WHAT IS NEEDED:
Repeat the entries below exactly. Drop the pictures.

[Stored data]
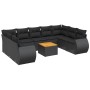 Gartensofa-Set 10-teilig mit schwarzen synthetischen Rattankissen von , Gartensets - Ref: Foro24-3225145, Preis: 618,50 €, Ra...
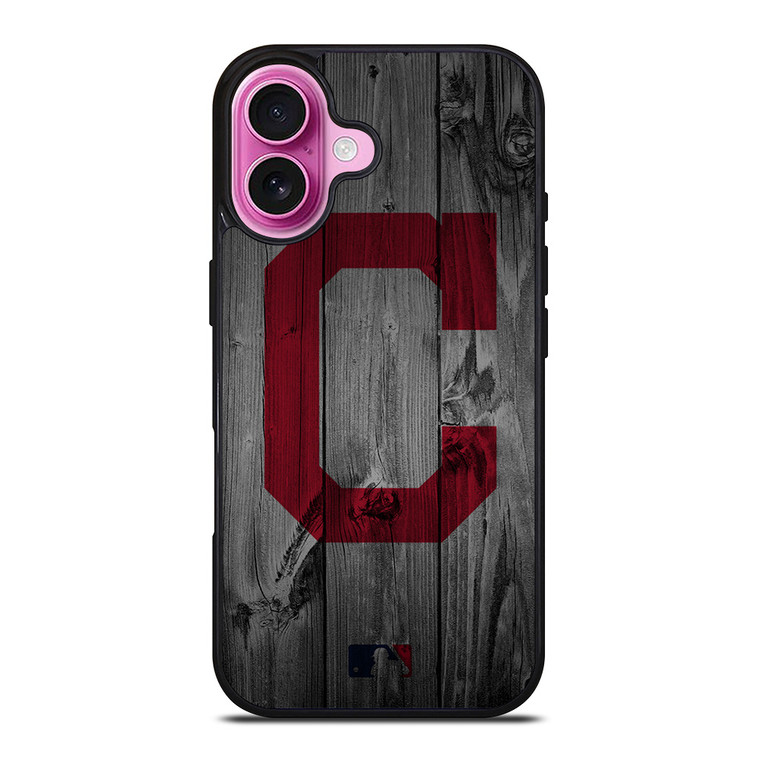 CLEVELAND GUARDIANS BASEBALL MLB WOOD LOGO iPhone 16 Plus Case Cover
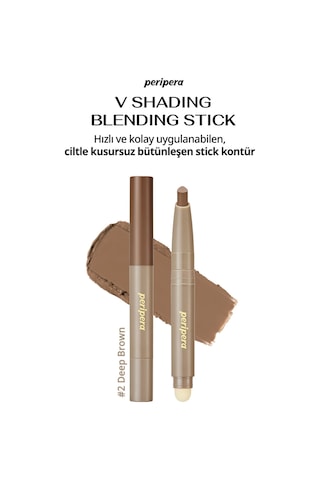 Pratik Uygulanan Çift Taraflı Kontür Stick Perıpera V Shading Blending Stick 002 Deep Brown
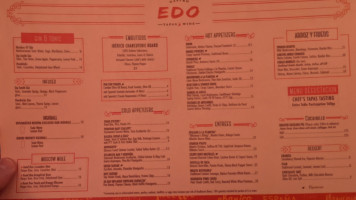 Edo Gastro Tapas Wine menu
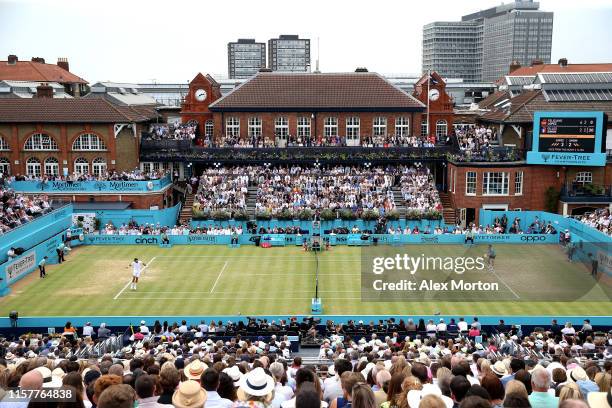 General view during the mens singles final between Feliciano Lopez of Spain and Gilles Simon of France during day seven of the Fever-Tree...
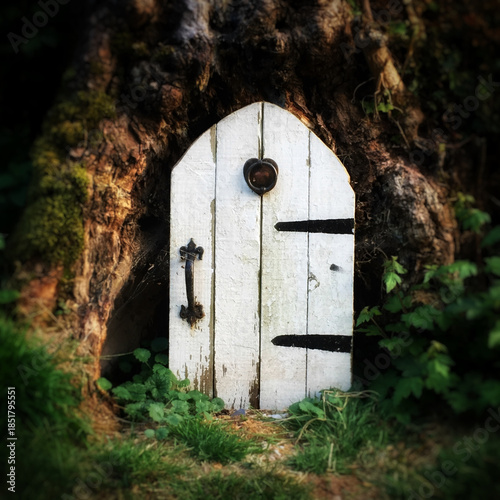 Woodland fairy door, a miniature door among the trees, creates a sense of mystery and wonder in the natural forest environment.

RESULT OF THIS EXERCISE:
 Gartensofa-Set 10-teilig mit schwarzen synthetischen Rattankissen von , Gartensets - Ref: Foro24-3225145, Preis: 618,50 €, Ra...
 CLEVELAND GUARDIANS BASEBALL MLB WOOD LOGO iPhone 16 Plus Case Cover
 Pratik Uygulanan Çift Taraflı Kontür Stick Perıpera V Shading Blending Stick 002 Deep Brown
 Edo Gastro Tapas Wine menu
 General view during the mens singles final between Feliciano Lopez of Spain and Gilles Simon of France during day seven of the Fever-Tree...
 Woodland fairy door, a miniature door among the trees, creates a sense of mystery and wonder in the natural forest environment.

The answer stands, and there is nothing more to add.